If you are a Diebenkorn fan (as I am,) you will be dazzled by the new catalog for a show currently on view at the Harwood Museum of Art in Taos, New Mexico (though September 9, 2007.) The show features work from Diebenkorn’s two and a half year residence in Albuquerque in the early 1950s, and many of these images are being seen for the first time. They are lush.

Gerald Nordland is a well known expert on Diebenkorn, and he has written one of the three essays in the catalog. I found this passage particularly provocative in light of the ongoing discussion of Diebenkorn’s relationship to landscape (something I have written about earlier on this blog):

The Albuquerque paintings generally evidence a brighter-than-before palette of sandy and flesh colors; looping and energetic line; and rhythmic boldness to deposits of color-form which developed out of improvisations, revisions, and transitions. They have a toughness and a tenderness that reflect the Northern New Mexico landscape. Diebenkorn’s roughness of execution conforms to his distaste for finish, apparent in the segmentation of forms at the canvas edge, and his wish to reflect facture and materials. The directness became a positive element of his style.

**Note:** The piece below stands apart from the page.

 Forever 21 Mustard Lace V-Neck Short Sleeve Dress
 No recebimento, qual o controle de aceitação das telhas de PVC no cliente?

The natural phenomena that filtered into these creations are remote.

This body of work has been referred to incorrectly as Diebenkorn’s “abstract landscape” manner, for it implies that these works are somehow translated into abstractions from nature. Diebenkorn did say, “Temperamentally, perhaps I had always been a landscape painter, but I was fighting the landscape feeling; in Albuquerque I relaxed and began to think of natural forms in relation to my own feelings.”

Note: Many thanks to my lifelong friend Kevin Simmers for finding the catalog and bringing it to my attention. We have been paired in a passionate devotion to Diebenkorn’s work since we saw a show of his Ocean Park series while we were in college. All these years later and that passion has not cooled in either of us.